Continuous variables were compared using the Student t-test. Categorical variables were compared using the chi-square test. P<.001 for all within-group comparisons versus NPS-AKI, except P = 0.005 for diabetes in the ICU subcohort, and hypertension is not significantly different in overall cohort or in ICU subcohorts. sCr, serum creatinine.

a

Index SCr is the first SCr measure during the index hospitalization while reference is the creatinine used as the baseline to calculate AKI status.

b

eGFR calculated using index SCr.

c

eGFR calculated using reference SCr.

Comparisons between PS-AKI and NPS-AKI were similar among ICU patients and non-ICU patients (Table 1). However, overall, ICU patients seemed to have slightly lower mean age and proportion of women, similar or lower CCI score, and higher proportion of hospitalization in large, teaching hospitals, urgent or elective admissions, transfer from an acute care facility, surgical patients, and sepsis, and substantially higher in-hospital death during index admission than non-ICU patients (Table 1).

Health Care Resource Utilization during Index Hospitalization and 30 Days Postdischarge

In adjusted models, the odds of ICU use during index hospitalization were higher for patients with PS-AKI than NPS-AKI (OR, 2.15; 95% CI, 2.09 to 2.21; P<0.001) (Supplemental Table 5). Among survivors of index hospitalization, odds of 30-day postdischarge readmission were slightly higher for (former) patients with PS-AKI than NPS-AKI in the overall cohort (OR, 1.07; 95% CI, 1.02 to 1.11; P = 0.002) and in non-ICU patients but not in ICU patients. Finally, the odds of 30-day postdischarge outpatient visits were slightly lower for (former) patients with PS-AKI than NPS-AKI in the overall cohort (OR, 0.95; 95% CI, 0.91 to 0.98; P = 0.003) and in ICU patients but not in non-ICU patients.

Unadjusted mean total LOS, ICU LOS, and readmission LOS were longer for patients with PS-AKI than NPS-AKI (Figure 1, P<0.0001 for all). In adjusted models, the mean total LOS was 32% longer (+3.3 days), ICU LOS was 45% longer (+2.6 days), and 30-day postdischarge readmission LOS was 13% longer (+1.0 days) for patients with PS-AKI than NPS-AKI. For both ICU and non-ICU patients, patients with PS-AKI had longer unadjusted mean LOS for index hospitalization and 30-day postdischarge readmission (Figure 2, P<0.0001 for all).

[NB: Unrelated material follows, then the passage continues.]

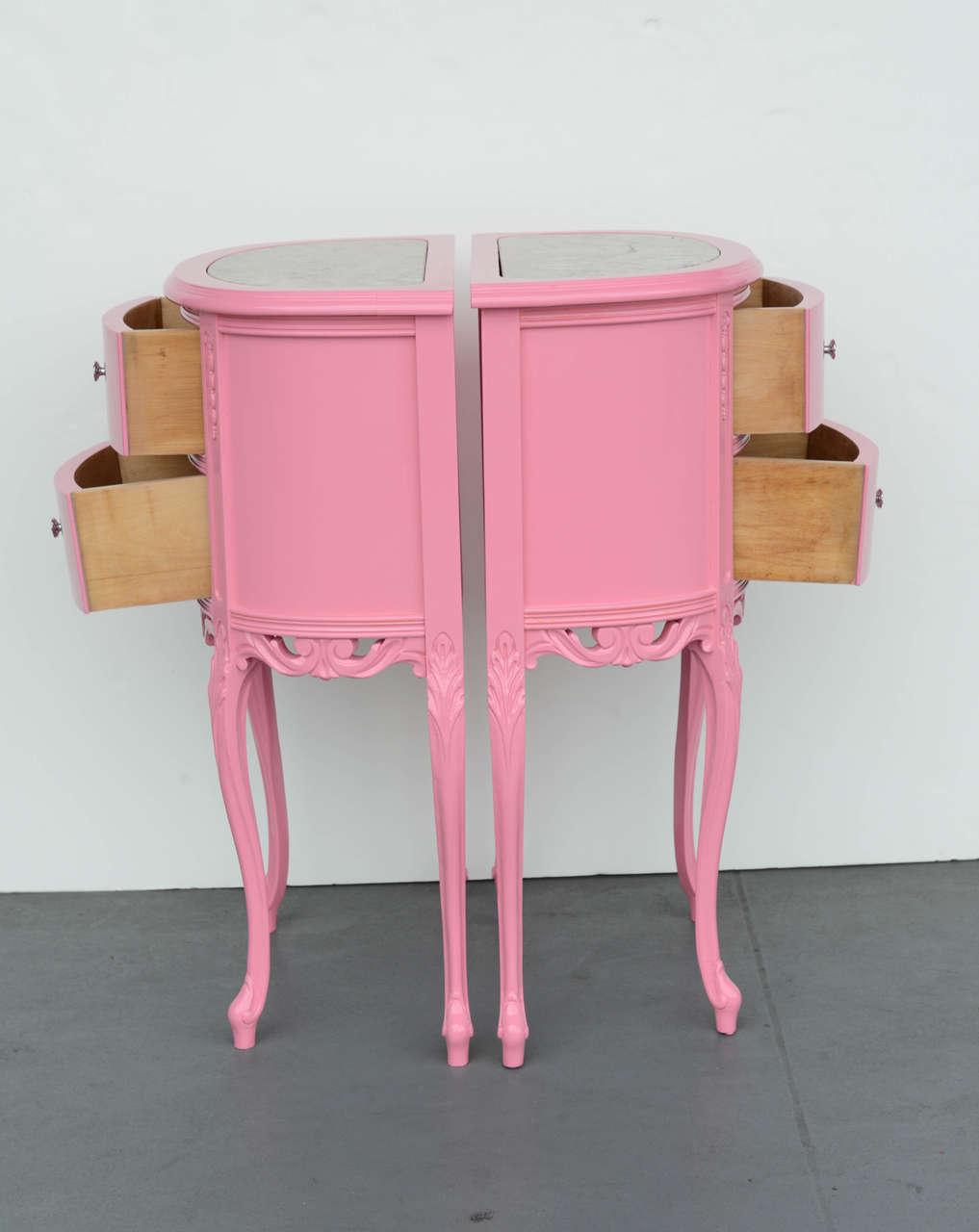 Pink Louis XV Style Nightstands In Excellent Condition In Miami, FL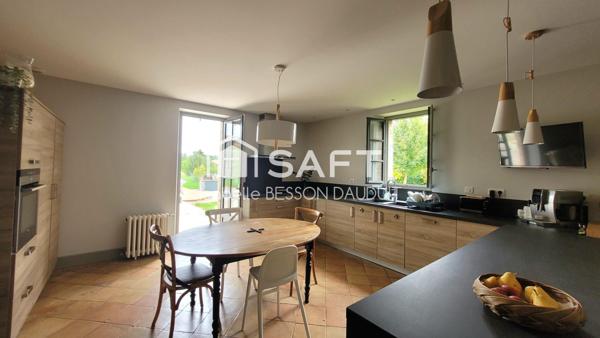 ANCIENNE FERME TOULOUSAINE RENOVEE AVEC PISCINE ET DEPENDANCES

For both ICU and non-ICU patients, adjusted absolute and relative differences (LOS ratios) for PS-AKI versus NPS-AKI were similar to each other and to the overall cohort (Figure 2). Specifically, for patients with PS-AKI versus patients with NPS-AKI, index hospitalization LOS was 24% (+3.2 days) and 41% (+3.4 days) longer, and 30-day postdischarge readmission LOS was 14% (+1.2 days) and 11% (+0.9 days) longer among ICU and non-ICU patients, respectively.

Figure 1.

Figure 1

Mean length of stay (LOS) and adjusted absolute and relative LOS differences for patients with PS-AKI versus NPS-AKI. *P<0.001 for all comparisons versus NPS-AKI (reference). Covariates for adjusted model are age, sex, race-ethnicity, Charlson Comorbidity Index, hospital characteristics (number of beds, teaching status, region, urban/rural) and admission point of origin, admission type, medical versus surgical patient (categorized by MS_DRG), primary payer and CKD, sepsis, and ICU use.

Figure 2.

Figure 2

Mean length of stay (LOS) and adjusted absolute and relative LOS differences for PS-AKI versus NPS-AKI for patients with and without ICU stay during index hospitalization. *P<0.001 for all comparisons versus NPS-AKI (reference). Covariates for adjusted model are age, sex, race-ethnicity, Charlson Comorbidity Index, hospital characteristics (number of beds, teaching status, region, urban/rural) and admission point of origin, admission type, medical versus surgical patient (categorized by MS_DRG), primary payer and CKD, sepsis, and ICU use.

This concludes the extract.